Apéndice 3 LA DICTABLANDA. En 1930 Blanco y Negro publicó La caída de la dictadura del general Primo de Rivera, en el poder desde el 13 de septiembre de 1923, fue el resultado de su aislamiento político y la falta de apoyo popular al régimen. Primo de Rivera, reticente a la convocatoria de elecciones libres, traza en diciembre de 1929 un plan de salida airosa del Gobierno de España. Sin embargo, su proyecto de formación de un gobierno civil de corte derechista no es aceptado por Alfonso XIII y el 28 de enero de 1930 presenta su dimisión. El Rey encargará de formar gobierno al general Berenguer, abriéndose así un nuevo período llamado la <dictablanda>. Apenas abierto el camino de la normalización institucional, la oposición de izquierdas firma el <Pacto de San Sebastián>, germen del gobierno provisional de la República y elemento de desestabilización de la institución monárquica. Mientras el general Primo de Rivera fallece el 10 de marzo en París. La crisis económica, el retraso en fijar la fecha de las elecciones generales y el intento de sublevación de la guarnición de Jaca terminan por debilitar a Berenguer.

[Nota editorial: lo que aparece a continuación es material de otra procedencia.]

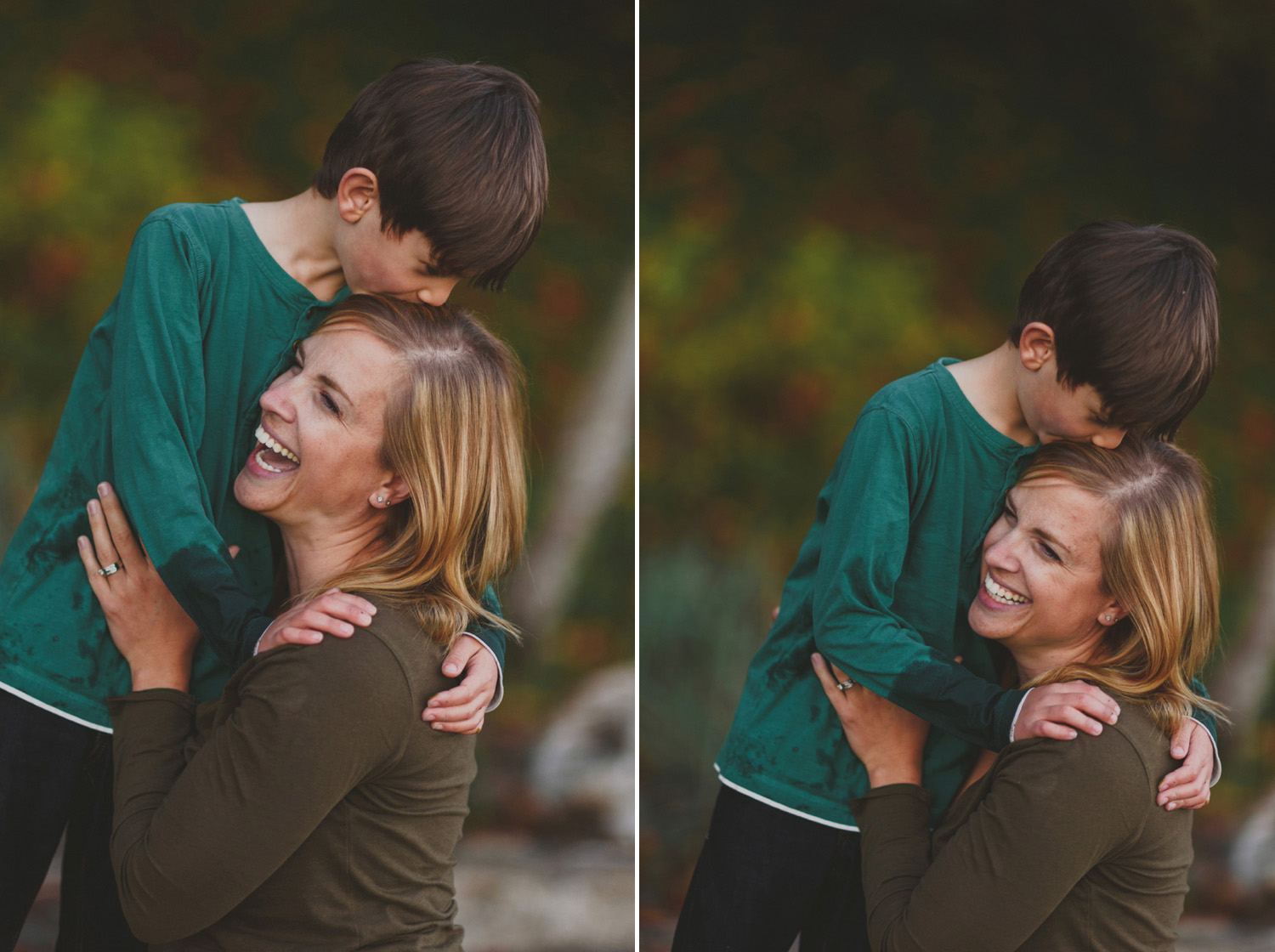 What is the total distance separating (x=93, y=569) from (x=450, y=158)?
81 cm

Apéndice 4 LA SEGUNDA REPÚBLICA. De ABC, el 17 de abril de 1931. Después de cuarenta y cinco años de fecundo reinado, don Alfonso XIII abandona su patria, en la noche del 14 de abril de 1931, para evitar que por su causa se derrame una sola gota de sangre. En las elecciones municipales celebradas un par de días antes había triunfado la coalición Republicano-Socialista, que proclamó la Segunda República En un manifiesto dirigido al país y publicado en ABC señalaba Su Majestad: <<Soy el rey de todos los españoles y también un español. Hallaría medios sobrados para mantener mis regias prerrogativas, en eficaz forcejeo con quienes las combaten. Pero resueltamente, quiero apartarme de cuanto sea lanzar a un compatriota contra otro en fratricida guerra civil>> Alcalá Zamora forma un Gobierno provisional y el 28 de junio se celebran elecciones legislativas. Tras la nueva victoria de la izquierda se instaura la ley de Defensa de la República, instrumento del Ministerio de la Gobernación para mantener el orden.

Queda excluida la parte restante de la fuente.